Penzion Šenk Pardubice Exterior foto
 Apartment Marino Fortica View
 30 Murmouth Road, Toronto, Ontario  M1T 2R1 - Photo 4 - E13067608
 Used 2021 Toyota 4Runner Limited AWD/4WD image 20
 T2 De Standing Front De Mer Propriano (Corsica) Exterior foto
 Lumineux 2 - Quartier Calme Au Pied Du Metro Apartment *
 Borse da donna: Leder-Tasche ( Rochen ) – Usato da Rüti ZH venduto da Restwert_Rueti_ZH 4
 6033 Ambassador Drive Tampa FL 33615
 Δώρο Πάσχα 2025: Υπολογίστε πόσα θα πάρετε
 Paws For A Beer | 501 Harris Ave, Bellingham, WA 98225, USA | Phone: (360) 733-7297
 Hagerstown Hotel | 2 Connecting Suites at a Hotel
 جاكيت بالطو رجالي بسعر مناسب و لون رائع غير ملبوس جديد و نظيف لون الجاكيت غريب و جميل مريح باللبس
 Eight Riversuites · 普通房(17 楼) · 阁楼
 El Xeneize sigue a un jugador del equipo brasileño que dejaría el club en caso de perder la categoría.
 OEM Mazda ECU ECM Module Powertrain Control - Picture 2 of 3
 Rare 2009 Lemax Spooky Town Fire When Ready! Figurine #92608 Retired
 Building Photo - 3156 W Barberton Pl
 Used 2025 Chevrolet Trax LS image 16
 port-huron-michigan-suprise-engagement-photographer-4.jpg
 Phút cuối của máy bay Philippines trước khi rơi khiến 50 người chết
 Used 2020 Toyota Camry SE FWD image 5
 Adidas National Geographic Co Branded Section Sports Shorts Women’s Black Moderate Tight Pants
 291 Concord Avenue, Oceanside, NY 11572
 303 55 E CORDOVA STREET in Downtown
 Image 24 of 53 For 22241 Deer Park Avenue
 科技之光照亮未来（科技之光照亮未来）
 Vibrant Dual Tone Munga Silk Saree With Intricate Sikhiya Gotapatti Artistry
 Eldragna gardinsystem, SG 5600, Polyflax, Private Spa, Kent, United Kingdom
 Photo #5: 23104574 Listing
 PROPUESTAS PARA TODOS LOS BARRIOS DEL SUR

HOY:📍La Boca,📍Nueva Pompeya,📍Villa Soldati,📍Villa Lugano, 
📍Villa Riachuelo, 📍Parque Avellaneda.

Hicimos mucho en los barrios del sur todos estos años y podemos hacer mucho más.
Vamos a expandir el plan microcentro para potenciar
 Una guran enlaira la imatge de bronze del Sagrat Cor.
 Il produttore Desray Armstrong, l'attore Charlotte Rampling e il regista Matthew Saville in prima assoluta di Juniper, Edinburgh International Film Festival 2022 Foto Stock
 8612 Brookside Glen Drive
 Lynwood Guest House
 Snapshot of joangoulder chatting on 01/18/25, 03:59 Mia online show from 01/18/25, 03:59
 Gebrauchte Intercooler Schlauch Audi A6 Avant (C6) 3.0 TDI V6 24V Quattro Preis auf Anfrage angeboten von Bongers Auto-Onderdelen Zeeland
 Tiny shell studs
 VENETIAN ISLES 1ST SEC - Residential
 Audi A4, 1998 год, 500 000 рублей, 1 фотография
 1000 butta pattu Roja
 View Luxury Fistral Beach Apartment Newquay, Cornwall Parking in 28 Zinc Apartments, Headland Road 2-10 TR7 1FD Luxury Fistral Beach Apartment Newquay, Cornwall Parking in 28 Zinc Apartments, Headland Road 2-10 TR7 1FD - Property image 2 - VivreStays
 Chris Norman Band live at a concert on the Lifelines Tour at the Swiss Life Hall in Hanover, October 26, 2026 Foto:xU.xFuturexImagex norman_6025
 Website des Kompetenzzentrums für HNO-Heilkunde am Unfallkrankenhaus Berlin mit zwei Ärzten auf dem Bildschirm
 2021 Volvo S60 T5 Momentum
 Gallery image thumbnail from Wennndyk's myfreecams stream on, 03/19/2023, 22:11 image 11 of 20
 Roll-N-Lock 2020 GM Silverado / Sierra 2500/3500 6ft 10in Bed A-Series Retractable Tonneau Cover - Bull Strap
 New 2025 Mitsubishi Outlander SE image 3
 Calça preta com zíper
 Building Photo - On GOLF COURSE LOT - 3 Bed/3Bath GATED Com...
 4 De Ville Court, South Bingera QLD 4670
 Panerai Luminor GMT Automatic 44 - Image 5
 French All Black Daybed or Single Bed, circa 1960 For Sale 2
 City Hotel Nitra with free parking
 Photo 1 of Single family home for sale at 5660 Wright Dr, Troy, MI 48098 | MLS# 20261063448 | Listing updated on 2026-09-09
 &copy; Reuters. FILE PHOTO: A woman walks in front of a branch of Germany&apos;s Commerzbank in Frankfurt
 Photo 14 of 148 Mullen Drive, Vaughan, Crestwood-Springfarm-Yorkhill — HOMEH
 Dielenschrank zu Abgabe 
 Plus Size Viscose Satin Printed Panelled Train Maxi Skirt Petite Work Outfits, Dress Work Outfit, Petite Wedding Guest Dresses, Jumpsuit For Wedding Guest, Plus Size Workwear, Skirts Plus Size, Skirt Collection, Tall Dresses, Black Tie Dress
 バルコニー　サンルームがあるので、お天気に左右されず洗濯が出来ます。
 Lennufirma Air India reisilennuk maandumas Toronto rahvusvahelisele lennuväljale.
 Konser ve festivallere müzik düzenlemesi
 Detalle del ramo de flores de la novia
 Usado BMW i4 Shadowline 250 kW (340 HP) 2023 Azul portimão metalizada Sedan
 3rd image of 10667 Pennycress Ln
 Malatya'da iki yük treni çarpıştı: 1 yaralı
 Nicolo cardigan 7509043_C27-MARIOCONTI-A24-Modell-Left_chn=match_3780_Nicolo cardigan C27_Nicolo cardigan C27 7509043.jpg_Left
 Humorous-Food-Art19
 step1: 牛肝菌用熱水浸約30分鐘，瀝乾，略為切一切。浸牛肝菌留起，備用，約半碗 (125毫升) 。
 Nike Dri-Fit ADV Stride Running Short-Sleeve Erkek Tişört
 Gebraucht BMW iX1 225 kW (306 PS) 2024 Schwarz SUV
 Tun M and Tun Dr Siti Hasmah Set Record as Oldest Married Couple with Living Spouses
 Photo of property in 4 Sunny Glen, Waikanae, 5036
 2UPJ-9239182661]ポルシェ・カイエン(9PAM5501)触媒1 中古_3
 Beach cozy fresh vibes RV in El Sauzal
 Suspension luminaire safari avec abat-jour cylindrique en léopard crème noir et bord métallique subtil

§ §

Exercise aim.
Transcribe each entry precisely, missing none.

Exercise response.
Penzion Šenk Pardubice Exterior foto
 Apartment Marino Fortica View
 30 Murmouth Road, Toronto, Ontario  M1T 2R1 - Photo 4 - E13067608
 Used 2021 Toyota 4Runner Limited AWD/4WD image 20
 T2 De Standing Front De Mer Propriano (Corsica) Exterior foto
 Lumineux 2 - Quartier Calme Au Pied Du Metro Apartment *
 Borse da donna: Leder-Tasche ( Rochen ) – Usato da Rüti ZH venduto da Restwert_Rueti_ZH 4
 6033 Ambassador Drive Tampa FL 33615
 Δώρο Πάσχα 2025: Υπολογίστε πόσα θα πάρετε
 Paws For A Beer | 501 Harris Ave, Bellingham, WA 98225, USA | Phone: (360) 733-7297
 Hagerstown Hotel | 2 Connecting Suites at a Hotel
 جاكيت بالطو رجالي بسعر مناسب و لون رائع غير ملبوس جديد و نظيف لون الجاكيت غريب و جميل مريح باللبس
 Eight Riversuites · 普通房(17 楼) · 阁楼
 El Xeneize sigue a un jugador del equipo brasileño que dejaría el club en caso de perder la categoría.
 OEM Mazda ECU ECM Module Powertrain Control - Picture 2 of 3
 Rare 2009 Lemax Spooky Town Fire When Ready! Figurine #92608 Retired
 Building Photo - 3156 W Barberton Pl
 Used 2025 Chevrolet Trax LS image 16
 port-huron-michigan-suprise-engagement-photographer-4.jpg
 Phút cuối của máy bay Philippines trước khi rơi khiến 50 người chết
 Used 2020 Toyota Camry SE FWD image 5
 Adidas National Geographic Co Branded Section Sports Shorts Women’s Black Moderate Tight Pants
 291 Concord Avenue, Oceanside, NY 11572
 303 55 E CORDOVA STREET in Downtown
 Image 24 of 53 For 22241 Deer Park Avenue
 科技之光照亮未来（科技之光照亮未来）
 Vibrant Dual Tone Munga Silk Saree With Intricate Sikhiya Gotapatti Artistry
 Eldragna gardinsystem, SG 5600, Polyflax, Private Spa, Kent, United Kingdom
 Photo #5: 23104574 Listing
 PROPUESTAS PARA TODOS LOS BARRIOS DEL SUR

HOY:📍La Boca,📍Nueva Pompeya,📍Villa Soldati,📍Villa Lugano, 
📍Villa Riachuelo, 📍Parque Avellaneda.

Hicimos mucho en los barrios del sur todos estos años y podemos hacer mucho más.
Vamos a expandir el plan microcentro para potenciar
 Una guran enlaira la imatge de bronze del Sagrat Cor.
 Il produttore Desray Armstrong, l'attore Charlotte Rampling e il regista Matthew Saville in prima assoluta di Juniper, Edinburgh International Film Festival 2022 Foto Stock
 8612 Brookside Glen Drive
 Lynwood Guest House
 Snapshot of joangoulder chatting on 01/18/25, 03:59 Mia online show from 01/18/25, 03:59
 Gebrauchte Intercooler Schlauch Audi A6 Avant (C6) 3.0 TDI V6 24V Quattro Preis auf Anfrage angeboten von Bongers Auto-Onderdelen Zeeland
 Tiny shell studs
 VENETIAN ISLES 1ST SEC - Residential
 Audi A4, 1998 год, 500 000 рублей, 1 фотография
 1000 butta pattu Roja
 View Luxury Fistral Beach Apartment Newquay, Cornwall Parking in 28 Zinc Apartments, Headland Road 2-10 TR7 1FD Luxury Fistral Beach Apartment Newquay, Cornwall Parking in 28 Zinc Apartments, Headland Road 2-10 TR7 1FD - Property image 2 - VivreStays
 Chris Norman Band live at a concert on the Lifelines Tour at the Swiss Life Hall in Hanover, October 26, 2026 Foto:xU.xFuturexImagex norman_6025
 Website des Kompetenzzentrums für HNO-Heilkunde am Unfallkrankenhaus Berlin mit zwei Ärzten auf dem Bildschirm
 2021 Volvo S60 T5 Momentum
 Gallery image thumbnail from Wennndyk's myfreecams stream on, 03/19/2023, 22:11 image 11 of 20
 Roll-N-Lock 2020 GM Silverado / Sierra 2500/3500 6ft 10in Bed A-Series Retractable Tonneau Cover - Bull Strap
 New 2025 Mitsubishi Outlander SE image 3
 Calça preta com zíper
 Building Photo - On GOLF COURSE LOT - 3 Bed/3Bath GATED Com...
 4 De Ville Court, South Bingera QLD 4670
 Panerai Luminor GMT Automatic 44 - Image 5
 French All Black Daybed or Single Bed, circa 1960 For Sale 2
 City Hotel Nitra with free parking
 Photo 1 of Single family home for sale at 5660 Wright Dr, Troy, MI 48098 | MLS# 20261063448 | Listing updated on 2026-09-09
 &copy; Reuters. FILE PHOTO: A woman walks in front of a branch of Germany&apos;s Commerzbank in Frankfurt
 Photo 14 of 148 Mullen Drive, Vaughan, Crestwood-Springfarm-Yorkhill — HOMEH
 Dielenschrank zu Abgabe 
 Plus Size Viscose Satin Printed Panelled Train Maxi Skirt Petite Work Outfits, Dress Work Outfit, Petite Wedding Guest Dresses, Jumpsuit For Wedding Guest, Plus Size Workwear, Skirts Plus Size, Skirt Collection, Tall Dresses, Black Tie Dress
 バルコニー　サンルームがあるので、お天気に左右されず洗濯が出来ます。
 Lennufirma Air India reisilennuk maandumas Toronto rahvusvahelisele lennuväljale.
 Konser ve festivallere müzik düzenlemesi
 Detalle del ramo de flores de la novia
 Usado BMW i4 Shadowline 250 kW (340 HP) 2023 Azul portimão metalizada Sedan
 3rd image of 10667 Pennycress Ln
 Malatya'da iki yük treni çarpıştı: 1 yaralı
 Nicolo cardigan 7509043_C27-MARIOCONTI-A24-Modell-Left_chn=match_3780_Nicolo cardigan C27_Nicolo cardigan C27 7509043.jpg_Left
 Humorous-Food-Art19
 step1: 牛肝菌用熱水浸約30分鐘，瀝乾，略為切一切。浸牛肝菌留起，備用，約半碗 (125毫升) 。
 Nike Dri-Fit ADV Stride Running Short-Sleeve Erkek Tişört
 Gebraucht BMW iX1 225 kW (306 PS) 2024 Schwarz SUV
 Tun M and Tun Dr Siti Hasmah Set Record as Oldest Married Couple with Living Spouses
 Photo of property in 4 Sunny Glen, Waikanae, 5036
 2UPJ-9239182661]ポルシェ・カイエン(9PAM5501)触媒1 中古_3
 Beach cozy fresh vibes RV in El Sauzal
 Suspension luminaire safari avec abat-jour cylindrique en léopard crème noir et bord métallique subtil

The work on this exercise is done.